◆ DATA SHOWN
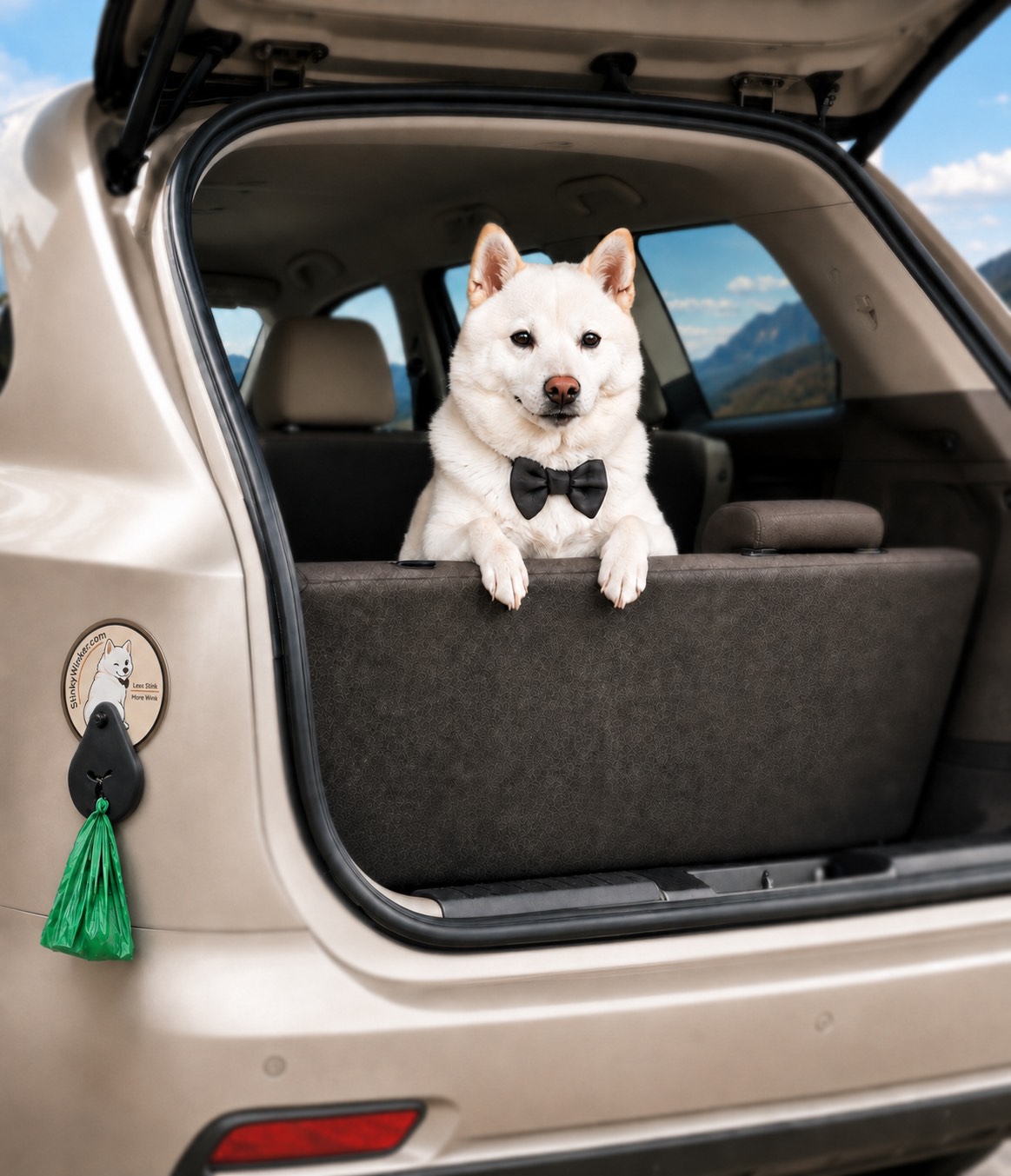 Dog in car trunk with the Winker holding a bag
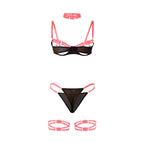 SUBBLIME - 955304 CONJUNTO DE SUTIÃ COM COLAR E DETALHES NAS PERNAS ROSA FLUORESCENTE L/XL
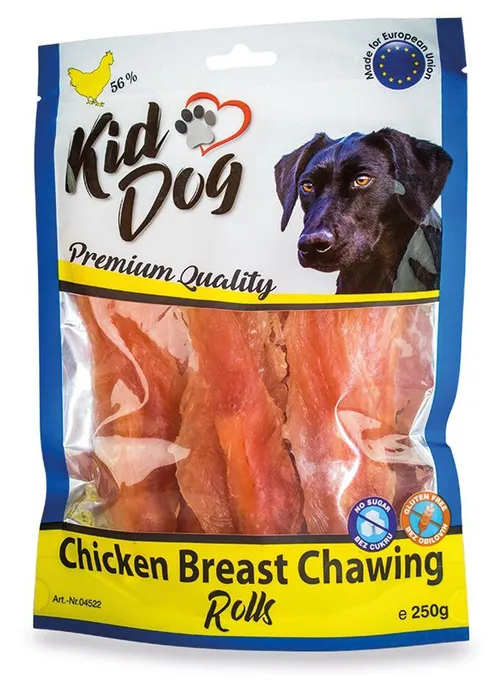 Główne zdjęcie produktu KIDDOG kuřecí prsa (lízátko) na buvolí tyčce 250 g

◆ WHAT YOU NEED TO DO
What is needed is a verbatim copy of the lines running from the one with "SUBBLIME - 955304" through the last line of the listing above, excluding any pictures.

◆ WRITTEN RESPONSE
 SUBBLIME - 955304 CONJUNTO DE SUTIÃ COM COLAR E DETALHES NAS PERNAS ROSA FLUORESCENTE L/XL
 Główne zdjęcie produktu KIDDOG kuřecí prsa (lízátko) na buvolí tyčce 250 g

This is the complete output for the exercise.